Begin at the line with "Rashmika Mandanna ಸದ್ಯದಲ್ಲೇ" and set down each line exactly until the listing ends. Images stay out.

Data extract:
++++

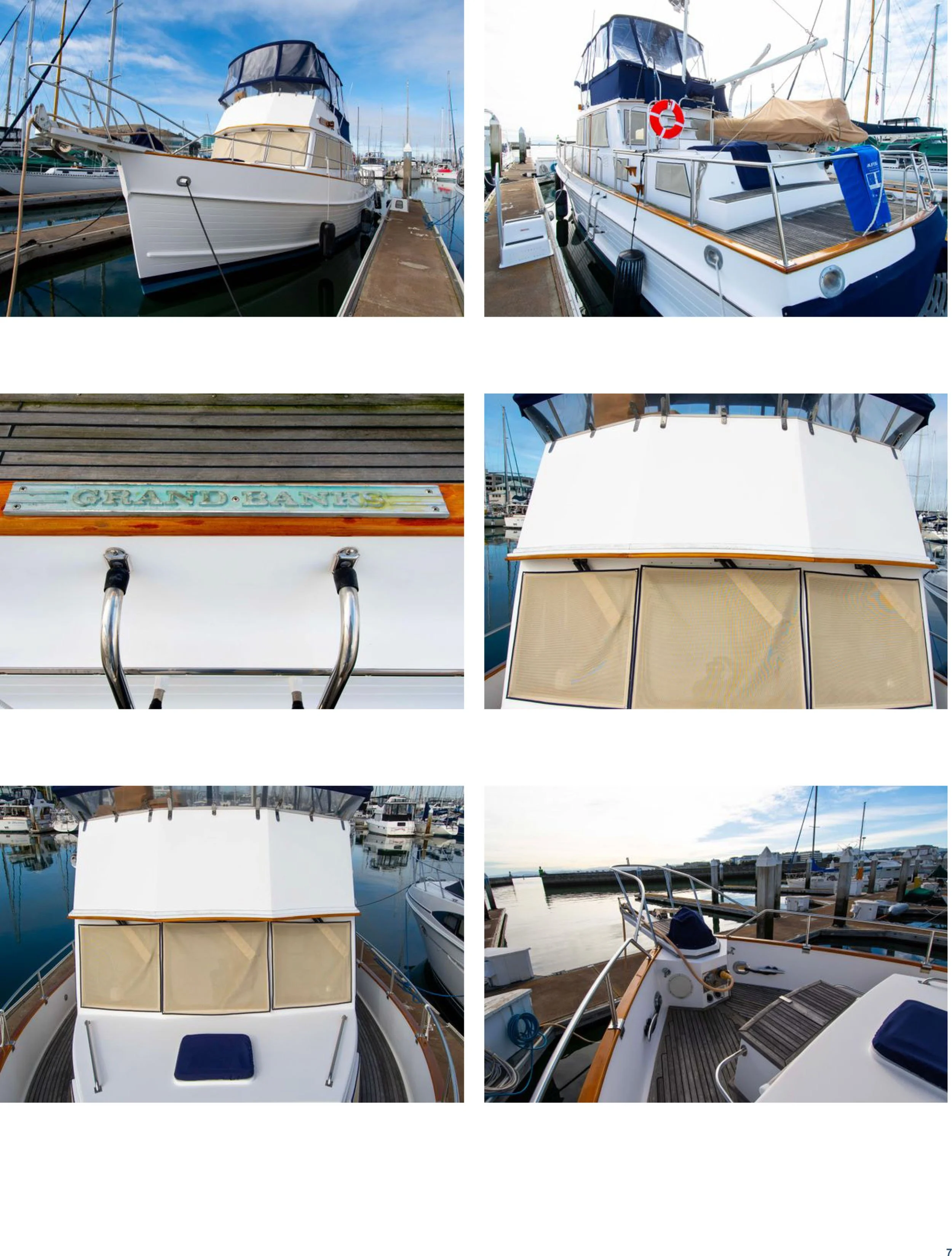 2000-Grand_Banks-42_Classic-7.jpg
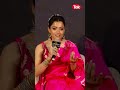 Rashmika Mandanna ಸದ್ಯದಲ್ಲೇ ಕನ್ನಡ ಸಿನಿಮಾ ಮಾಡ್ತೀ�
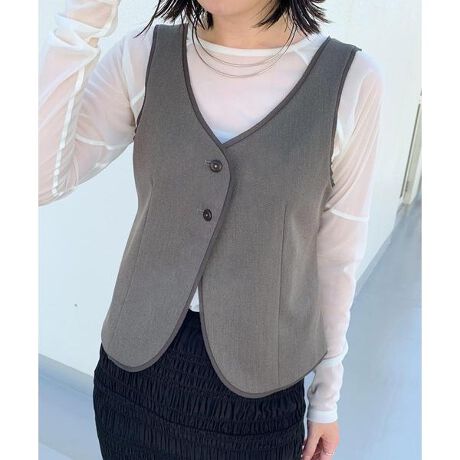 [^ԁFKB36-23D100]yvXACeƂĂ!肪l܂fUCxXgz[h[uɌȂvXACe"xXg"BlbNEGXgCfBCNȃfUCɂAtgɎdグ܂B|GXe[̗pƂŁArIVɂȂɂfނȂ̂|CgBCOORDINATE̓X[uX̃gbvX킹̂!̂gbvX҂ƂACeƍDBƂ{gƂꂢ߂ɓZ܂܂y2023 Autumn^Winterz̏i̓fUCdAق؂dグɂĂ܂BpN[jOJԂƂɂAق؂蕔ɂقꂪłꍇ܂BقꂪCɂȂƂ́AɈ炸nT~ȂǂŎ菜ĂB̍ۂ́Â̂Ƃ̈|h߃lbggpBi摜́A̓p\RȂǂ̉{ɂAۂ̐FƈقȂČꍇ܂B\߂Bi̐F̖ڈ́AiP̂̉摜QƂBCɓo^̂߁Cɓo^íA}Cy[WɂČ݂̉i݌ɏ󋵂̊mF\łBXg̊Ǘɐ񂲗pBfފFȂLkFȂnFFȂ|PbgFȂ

++++

Answer section:
 Rashmika Mandanna ಸದ್ಯದಲ್ಲೇ ಕನ್ನಡ ಸಿನಿಮಾ ಮಾಡ್ತೀ�
 [^ԁFKB36-23D100]yvXACeƂĂ!肪l܂fUCxXgz[h[uɌȂvXACe"xXg"BlbNEGXgCfBCNȃfUCɂAtgɎdグ܂B|GXe[̗pƂŁArIVɂȂɂfނȂ̂|CgBCOORDINATE̓X[uX̃gbvX킹̂!̂gbvX҂ƂACeƍDBƂ{gƂꂢ߂ɓZ܂܂y2023 Autumn^Winterz̏i̓fUCdAق؂dグɂĂ܂BpN[jOJԂƂɂAق؂蕔ɂقꂪłꍇ܂BقꂪCɂȂƂ́AɈ炸nT~ȂǂŎ菜ĂB̍ۂ́Â̂Ƃ̈|h߃lbggpBi摜́A̓p\RȂǂ̉{ɂAۂ̐FƈقȂČꍇ܂B\߂Bi̐F̖ڈ́AiP̂̉摜QƂBCɓo^̂߁Cɓo^íA}Cy[WɂČ݂̉i݌ɏ󋵂̊mF\łBXg̊Ǘɐ񂲗pBfފFȂLkFȂnFFȂ|PbgFȂ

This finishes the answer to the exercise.